What is required:
Once you have located the line containing "Sex Drive- Recyclable Container" in the material below, return it exactly along with each line after it through the line containing "Used Focusrite SCARLETT".

Listed entries:
*-*-*

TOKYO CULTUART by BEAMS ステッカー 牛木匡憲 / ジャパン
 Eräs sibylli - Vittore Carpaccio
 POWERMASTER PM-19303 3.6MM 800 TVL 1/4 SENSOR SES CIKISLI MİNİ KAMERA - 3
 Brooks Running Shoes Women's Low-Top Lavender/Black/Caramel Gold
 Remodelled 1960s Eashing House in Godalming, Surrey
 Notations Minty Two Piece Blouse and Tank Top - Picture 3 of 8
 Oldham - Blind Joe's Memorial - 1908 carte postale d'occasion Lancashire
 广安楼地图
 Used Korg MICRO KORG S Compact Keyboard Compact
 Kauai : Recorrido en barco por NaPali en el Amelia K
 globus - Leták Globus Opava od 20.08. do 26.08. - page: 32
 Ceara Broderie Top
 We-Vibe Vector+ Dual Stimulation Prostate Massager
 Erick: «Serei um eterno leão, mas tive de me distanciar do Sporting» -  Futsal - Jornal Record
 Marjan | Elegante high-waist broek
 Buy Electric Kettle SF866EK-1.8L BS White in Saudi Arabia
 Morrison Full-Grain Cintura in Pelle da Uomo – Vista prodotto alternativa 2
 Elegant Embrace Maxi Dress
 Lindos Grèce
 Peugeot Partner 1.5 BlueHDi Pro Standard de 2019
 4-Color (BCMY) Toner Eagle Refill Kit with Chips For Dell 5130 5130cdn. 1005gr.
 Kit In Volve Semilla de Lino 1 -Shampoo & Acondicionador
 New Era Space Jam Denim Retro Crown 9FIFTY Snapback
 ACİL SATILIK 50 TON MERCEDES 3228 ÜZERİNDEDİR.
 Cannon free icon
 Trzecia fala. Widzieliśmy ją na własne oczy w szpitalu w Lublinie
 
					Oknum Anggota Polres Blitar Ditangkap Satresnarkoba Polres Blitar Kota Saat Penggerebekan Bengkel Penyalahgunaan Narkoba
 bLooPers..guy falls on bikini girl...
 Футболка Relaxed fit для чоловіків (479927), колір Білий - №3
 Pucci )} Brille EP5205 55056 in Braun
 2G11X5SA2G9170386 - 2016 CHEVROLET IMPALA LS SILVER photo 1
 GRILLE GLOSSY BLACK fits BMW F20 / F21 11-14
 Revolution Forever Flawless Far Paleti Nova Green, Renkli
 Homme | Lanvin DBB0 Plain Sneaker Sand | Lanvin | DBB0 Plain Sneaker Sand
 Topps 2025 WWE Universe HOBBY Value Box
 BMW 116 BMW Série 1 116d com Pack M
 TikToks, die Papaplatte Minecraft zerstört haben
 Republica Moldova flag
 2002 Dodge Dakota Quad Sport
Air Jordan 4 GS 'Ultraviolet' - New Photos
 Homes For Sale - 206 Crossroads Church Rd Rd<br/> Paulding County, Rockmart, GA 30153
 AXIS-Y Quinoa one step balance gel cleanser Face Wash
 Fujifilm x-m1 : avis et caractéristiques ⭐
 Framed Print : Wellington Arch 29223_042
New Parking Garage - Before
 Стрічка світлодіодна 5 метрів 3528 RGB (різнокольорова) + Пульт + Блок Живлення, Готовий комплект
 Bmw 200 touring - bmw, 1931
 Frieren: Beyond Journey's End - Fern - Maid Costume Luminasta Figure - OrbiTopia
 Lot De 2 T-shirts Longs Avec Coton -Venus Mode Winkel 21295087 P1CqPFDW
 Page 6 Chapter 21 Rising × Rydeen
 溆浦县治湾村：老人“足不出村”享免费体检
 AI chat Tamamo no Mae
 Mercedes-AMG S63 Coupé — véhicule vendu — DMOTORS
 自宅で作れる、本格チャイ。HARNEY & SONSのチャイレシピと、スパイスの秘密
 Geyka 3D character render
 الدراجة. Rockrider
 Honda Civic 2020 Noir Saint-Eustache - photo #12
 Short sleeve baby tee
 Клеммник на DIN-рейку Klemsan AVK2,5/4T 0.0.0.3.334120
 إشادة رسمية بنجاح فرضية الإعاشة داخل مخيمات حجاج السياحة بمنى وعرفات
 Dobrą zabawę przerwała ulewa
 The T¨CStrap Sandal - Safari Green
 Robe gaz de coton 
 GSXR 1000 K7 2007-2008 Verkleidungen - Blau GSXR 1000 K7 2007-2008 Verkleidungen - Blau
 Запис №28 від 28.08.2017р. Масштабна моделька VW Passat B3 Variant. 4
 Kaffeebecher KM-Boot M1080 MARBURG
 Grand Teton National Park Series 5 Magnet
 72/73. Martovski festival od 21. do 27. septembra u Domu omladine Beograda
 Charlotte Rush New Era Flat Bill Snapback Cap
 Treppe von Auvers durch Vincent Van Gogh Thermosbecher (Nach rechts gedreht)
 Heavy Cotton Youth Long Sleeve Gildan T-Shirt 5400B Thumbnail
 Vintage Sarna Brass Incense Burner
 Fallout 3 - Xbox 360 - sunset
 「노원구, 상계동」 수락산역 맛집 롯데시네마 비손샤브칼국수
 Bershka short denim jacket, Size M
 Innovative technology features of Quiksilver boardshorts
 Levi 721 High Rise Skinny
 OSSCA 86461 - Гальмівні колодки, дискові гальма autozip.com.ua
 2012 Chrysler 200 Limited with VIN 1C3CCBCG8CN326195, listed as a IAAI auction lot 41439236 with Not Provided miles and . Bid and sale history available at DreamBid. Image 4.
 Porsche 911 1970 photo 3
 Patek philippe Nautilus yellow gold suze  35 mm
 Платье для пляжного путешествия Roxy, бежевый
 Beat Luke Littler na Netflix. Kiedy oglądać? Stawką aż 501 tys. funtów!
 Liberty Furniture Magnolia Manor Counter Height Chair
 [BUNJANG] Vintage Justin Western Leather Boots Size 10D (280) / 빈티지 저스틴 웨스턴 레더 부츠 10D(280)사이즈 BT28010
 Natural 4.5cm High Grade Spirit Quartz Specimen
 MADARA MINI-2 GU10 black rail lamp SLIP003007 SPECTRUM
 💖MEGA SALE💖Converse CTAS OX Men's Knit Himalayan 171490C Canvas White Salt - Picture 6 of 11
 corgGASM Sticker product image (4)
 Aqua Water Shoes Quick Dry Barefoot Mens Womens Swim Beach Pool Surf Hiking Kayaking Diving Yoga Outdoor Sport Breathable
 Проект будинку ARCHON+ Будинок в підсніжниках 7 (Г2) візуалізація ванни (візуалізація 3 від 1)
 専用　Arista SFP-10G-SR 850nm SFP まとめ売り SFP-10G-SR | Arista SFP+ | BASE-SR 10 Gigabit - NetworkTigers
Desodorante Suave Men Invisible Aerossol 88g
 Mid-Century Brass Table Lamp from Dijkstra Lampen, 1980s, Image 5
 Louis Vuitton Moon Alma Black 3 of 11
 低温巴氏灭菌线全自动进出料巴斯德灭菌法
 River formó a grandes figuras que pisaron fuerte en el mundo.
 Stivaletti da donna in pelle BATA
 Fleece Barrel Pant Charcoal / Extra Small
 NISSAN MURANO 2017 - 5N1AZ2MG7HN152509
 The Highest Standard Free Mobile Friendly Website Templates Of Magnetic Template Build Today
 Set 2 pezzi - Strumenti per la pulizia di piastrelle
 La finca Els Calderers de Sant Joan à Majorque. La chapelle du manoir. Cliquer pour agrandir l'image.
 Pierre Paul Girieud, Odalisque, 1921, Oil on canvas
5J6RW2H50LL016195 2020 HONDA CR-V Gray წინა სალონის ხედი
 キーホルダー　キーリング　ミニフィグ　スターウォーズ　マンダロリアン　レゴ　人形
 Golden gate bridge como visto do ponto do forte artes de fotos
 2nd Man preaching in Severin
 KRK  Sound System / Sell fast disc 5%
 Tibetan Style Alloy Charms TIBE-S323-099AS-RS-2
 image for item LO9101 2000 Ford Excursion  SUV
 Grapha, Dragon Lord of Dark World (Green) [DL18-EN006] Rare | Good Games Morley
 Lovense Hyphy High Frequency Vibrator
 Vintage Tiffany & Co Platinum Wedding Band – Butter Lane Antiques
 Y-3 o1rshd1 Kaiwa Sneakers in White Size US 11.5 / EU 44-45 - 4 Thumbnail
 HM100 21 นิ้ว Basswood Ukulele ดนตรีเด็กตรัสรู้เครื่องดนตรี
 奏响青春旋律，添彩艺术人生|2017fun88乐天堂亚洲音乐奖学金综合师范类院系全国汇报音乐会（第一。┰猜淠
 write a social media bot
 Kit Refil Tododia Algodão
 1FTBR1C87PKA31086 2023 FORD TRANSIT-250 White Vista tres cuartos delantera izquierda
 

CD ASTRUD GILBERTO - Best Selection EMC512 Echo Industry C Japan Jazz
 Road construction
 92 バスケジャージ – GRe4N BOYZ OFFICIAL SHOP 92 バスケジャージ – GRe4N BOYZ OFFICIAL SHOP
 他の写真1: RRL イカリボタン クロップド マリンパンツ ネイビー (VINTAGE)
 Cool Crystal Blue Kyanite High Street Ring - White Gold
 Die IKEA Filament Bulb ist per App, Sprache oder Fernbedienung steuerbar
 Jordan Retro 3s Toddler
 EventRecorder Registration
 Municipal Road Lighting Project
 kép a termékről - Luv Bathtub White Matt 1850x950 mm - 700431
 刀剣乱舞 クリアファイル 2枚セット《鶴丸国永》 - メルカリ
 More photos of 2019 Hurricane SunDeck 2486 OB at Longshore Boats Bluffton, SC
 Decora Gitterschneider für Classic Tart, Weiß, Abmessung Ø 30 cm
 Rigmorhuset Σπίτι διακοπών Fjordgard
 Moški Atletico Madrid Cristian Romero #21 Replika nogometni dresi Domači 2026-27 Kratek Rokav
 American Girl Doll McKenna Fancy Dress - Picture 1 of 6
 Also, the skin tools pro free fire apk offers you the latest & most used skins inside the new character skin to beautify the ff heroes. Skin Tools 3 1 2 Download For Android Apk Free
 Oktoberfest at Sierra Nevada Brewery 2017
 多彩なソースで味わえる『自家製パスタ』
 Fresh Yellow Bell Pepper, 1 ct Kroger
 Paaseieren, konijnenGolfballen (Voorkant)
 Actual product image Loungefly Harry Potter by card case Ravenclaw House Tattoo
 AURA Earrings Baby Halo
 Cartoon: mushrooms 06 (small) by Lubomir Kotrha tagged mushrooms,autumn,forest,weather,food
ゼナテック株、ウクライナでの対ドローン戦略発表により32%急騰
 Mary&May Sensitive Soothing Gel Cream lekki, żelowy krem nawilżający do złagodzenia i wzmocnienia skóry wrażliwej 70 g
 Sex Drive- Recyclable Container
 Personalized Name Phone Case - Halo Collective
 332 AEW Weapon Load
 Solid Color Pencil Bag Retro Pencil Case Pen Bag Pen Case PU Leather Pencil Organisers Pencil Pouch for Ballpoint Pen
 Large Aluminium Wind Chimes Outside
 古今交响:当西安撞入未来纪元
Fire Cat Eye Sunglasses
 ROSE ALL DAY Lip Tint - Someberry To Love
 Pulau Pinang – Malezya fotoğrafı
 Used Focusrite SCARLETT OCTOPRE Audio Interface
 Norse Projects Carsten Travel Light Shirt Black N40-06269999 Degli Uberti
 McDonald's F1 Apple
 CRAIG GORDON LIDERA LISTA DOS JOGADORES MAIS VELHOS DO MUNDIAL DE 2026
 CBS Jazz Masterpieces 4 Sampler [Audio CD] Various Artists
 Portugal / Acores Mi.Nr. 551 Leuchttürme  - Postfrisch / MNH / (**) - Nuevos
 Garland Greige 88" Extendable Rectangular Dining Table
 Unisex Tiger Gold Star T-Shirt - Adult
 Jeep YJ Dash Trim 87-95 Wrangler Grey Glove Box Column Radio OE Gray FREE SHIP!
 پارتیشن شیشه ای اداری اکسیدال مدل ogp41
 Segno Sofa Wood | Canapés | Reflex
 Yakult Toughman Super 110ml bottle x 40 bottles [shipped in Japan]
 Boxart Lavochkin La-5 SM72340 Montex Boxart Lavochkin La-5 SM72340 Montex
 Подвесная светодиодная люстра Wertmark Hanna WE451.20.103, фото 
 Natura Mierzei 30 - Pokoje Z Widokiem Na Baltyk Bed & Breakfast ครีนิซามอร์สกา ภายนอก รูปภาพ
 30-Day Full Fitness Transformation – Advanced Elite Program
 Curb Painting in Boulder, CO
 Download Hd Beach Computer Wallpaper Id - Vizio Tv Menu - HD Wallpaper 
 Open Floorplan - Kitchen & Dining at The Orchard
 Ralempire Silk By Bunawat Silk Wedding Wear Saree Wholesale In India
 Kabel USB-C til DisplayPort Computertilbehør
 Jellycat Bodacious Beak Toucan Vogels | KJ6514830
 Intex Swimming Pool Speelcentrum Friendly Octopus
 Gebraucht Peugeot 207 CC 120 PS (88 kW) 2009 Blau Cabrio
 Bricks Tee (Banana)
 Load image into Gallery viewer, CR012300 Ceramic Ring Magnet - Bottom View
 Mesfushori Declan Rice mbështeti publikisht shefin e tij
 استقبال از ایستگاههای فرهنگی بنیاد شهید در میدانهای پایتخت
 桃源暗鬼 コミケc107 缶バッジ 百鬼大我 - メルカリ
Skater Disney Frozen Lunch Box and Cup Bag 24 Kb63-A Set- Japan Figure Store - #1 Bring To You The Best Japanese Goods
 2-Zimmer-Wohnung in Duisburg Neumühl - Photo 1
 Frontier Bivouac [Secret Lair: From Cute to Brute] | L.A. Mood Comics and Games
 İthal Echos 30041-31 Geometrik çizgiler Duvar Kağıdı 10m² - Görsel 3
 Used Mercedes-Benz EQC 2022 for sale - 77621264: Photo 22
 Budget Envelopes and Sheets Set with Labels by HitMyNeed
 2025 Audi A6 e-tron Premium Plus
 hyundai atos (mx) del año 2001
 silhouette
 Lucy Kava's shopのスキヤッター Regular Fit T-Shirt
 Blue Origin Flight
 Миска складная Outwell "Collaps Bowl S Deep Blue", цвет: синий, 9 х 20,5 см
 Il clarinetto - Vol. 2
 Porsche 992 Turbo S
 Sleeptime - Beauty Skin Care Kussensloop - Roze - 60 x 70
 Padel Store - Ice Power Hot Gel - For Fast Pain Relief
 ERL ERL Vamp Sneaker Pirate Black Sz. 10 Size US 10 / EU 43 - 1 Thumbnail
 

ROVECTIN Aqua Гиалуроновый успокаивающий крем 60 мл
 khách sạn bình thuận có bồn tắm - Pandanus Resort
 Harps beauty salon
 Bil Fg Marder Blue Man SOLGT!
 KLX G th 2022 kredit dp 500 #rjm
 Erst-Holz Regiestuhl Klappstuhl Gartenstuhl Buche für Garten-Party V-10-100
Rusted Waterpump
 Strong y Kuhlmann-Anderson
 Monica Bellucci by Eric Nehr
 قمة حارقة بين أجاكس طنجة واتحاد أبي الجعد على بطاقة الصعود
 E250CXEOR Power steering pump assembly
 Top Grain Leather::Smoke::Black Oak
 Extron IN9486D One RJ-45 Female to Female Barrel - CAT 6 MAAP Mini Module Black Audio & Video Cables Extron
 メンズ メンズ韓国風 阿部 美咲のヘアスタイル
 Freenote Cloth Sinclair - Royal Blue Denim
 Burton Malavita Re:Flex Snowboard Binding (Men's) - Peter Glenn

*-*-*

Written answer:
 Sex Drive- Recyclable Container
 Personalized Name Phone Case - Halo Collective
 332 AEW Weapon Load
 Solid Color Pencil Bag Retro Pencil Case Pen Bag Pen Case PU Leather Pencil Organisers Pencil Pouch for Ballpoint Pen
 Large Aluminium Wind Chimes Outside
 古今交响:当西安撞入未来纪元
Fire Cat Eye Sunglasses
 ROSE ALL DAY Lip Tint - Someberry To Love
 Pulau Pinang – Malezya fotoğrafı
 Used Focusrite SCARLETT OCTOPRE Audio Interface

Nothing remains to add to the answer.